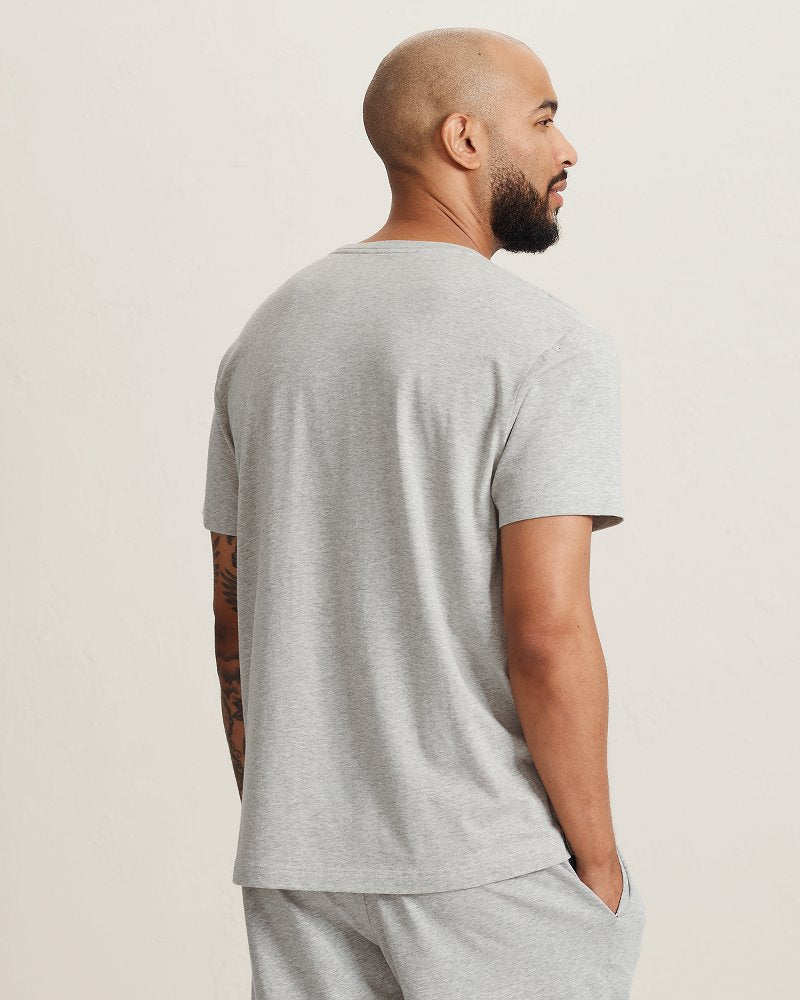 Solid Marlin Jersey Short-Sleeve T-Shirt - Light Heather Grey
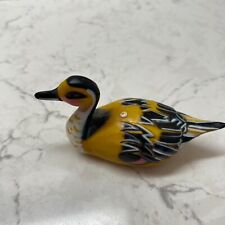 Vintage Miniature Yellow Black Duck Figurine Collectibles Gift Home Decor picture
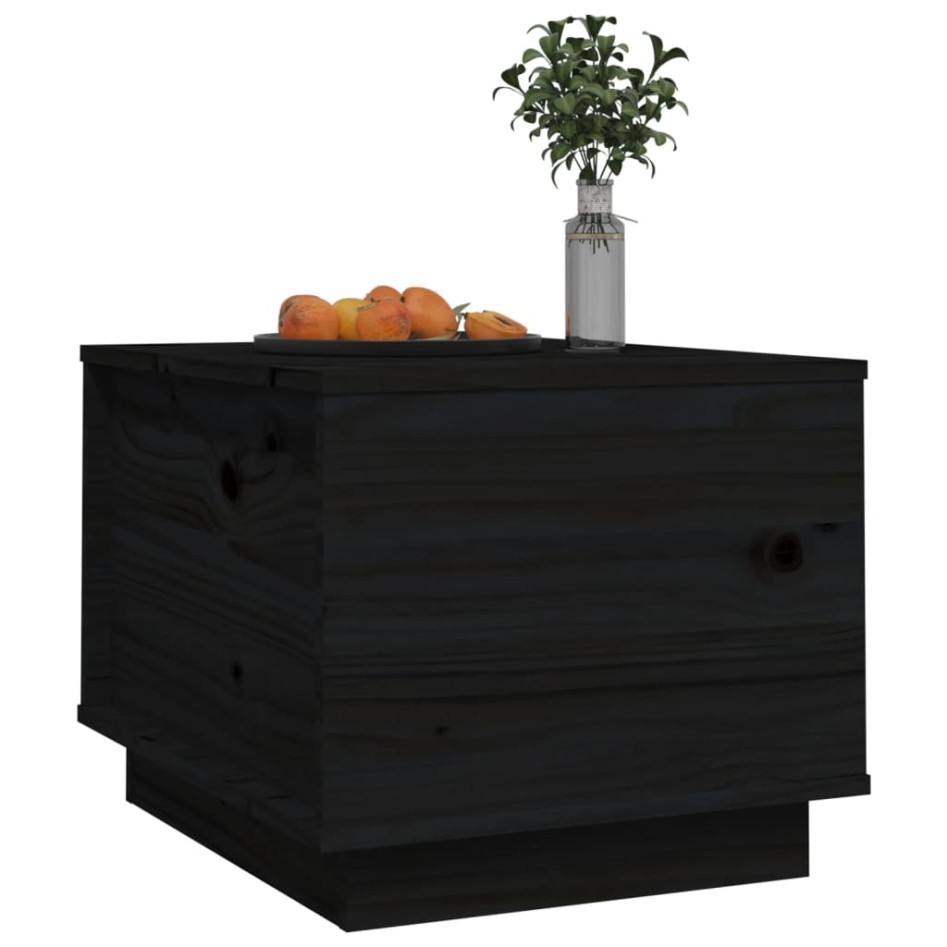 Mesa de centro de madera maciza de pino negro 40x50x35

--

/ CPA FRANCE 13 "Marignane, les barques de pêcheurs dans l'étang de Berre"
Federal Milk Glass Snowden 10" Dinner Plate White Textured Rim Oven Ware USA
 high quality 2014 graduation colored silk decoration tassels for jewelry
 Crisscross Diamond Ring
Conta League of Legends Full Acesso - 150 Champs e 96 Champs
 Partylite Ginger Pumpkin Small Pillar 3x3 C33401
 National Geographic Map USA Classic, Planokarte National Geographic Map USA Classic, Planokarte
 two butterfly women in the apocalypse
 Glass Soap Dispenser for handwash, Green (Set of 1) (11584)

▶ [What needs to be done] From the entries above, extract only the lines running from the one containing "high quality 2014" through the one containing "Glass Soap Dispenser", inclusive.

▶ [Reply to the task]
 high quality 2014 graduation colored silk decoration tassels for jewelry
 Crisscross Diamond Ring
Conta League of Legends Full Acesso - 150 Champs e 96 Champs
 Partylite Ginger Pumpkin Small Pillar 3x3 C33401
 National Geographic Map USA Classic, Planokarte National Geographic Map USA Classic, Planokarte
 two butterfly women in the apocalypse
 Glass Soap Dispenser for handwash, Green (Set of 1) (11584)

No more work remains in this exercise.